Steffen Andersen, Glenn W. Harrison, Morten Lau & E. Elisabet Rutström
Abstract: We evaluate the claim that individuals exhibit a magnitude effect in their discounting behavior, which is said to occur when higher discount rates are inferred from choices made with lower principals, all else being equal. If the effect is robust, as claimed, we should be able to see it using procedures that are more familiar to economists. Using data collected from a representative sample of adult Danes, we find statistically significant evidence of a small magnitude effect, at levels that are much smaller than is typically claimed. This evidence only surfaces if one carefully controls for unobserved individual heterogeneity in the population. And it disappears completely if we include discounting choices in which both options have some time delay.

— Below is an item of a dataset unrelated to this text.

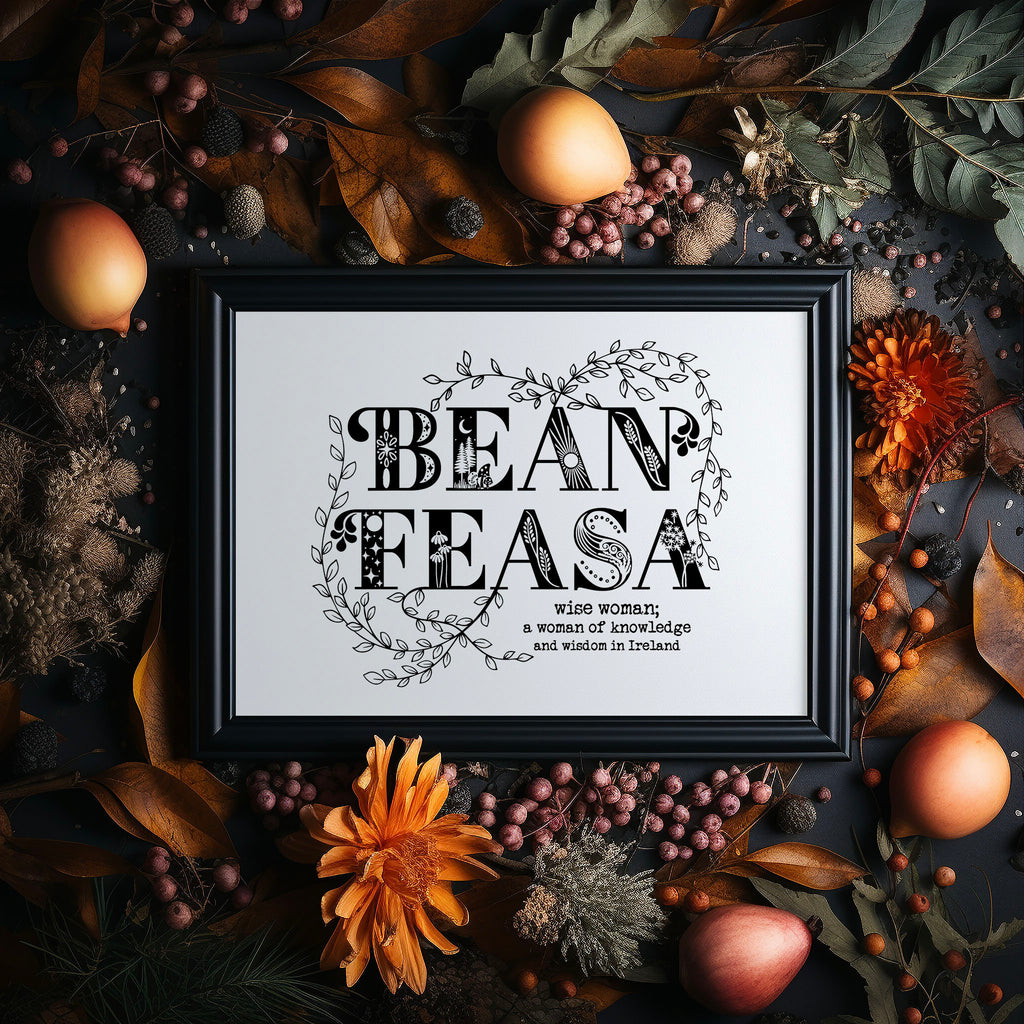 Our Irish language screen print, bean feasa, in a black frame surrounded by Autumn foliage, flowers and fruit.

Steffen Andersen, Glenn W. Harrison, Morten Lau & E. Elisabet Rutström
Abstract: We re-evaluate the theory, experimental design and econometrics behind claims that individuals exhibit non-constant discounting behavior. Theory points to the importance of controlling for the non-linearity of the utility function of individuals, since the discount rate is defined over time-dated utility flows and not flows of money. It also points to a menagerie of functional forms to characterize different types of non-constant discounting behavior. The implied experimental design calls for individuals to undertake several tasks to allow us to identify these models, and to several treatments such as multiple horizons and the effect of allowing for a front end delay on earlier payments. The implied econometrics calls for structural estimation of the theoretical models, allowing for joint estimation of utility functions and discounting functions. Using data collected from a representative sample of 413 adult Danes in 2009, we draw striking conclusions. Assuming an exponential discounting model we estimate discount rates to be 5.6% on average: this is significantly lower than all previous estimates using controlled experiments. We also find no evidence to support quasi-hyperbolic discounting or "fixed cost" discounting, and only modest evidence to support other specifications of non-constant discounting. Furthermore, the evidence for non-constant discounting, while statistically significant, is not economically significant in terms of the size of the estimated discount rates. We undertake extensive robustness checks on these findings, including a detailed review of the previous, comparable literature.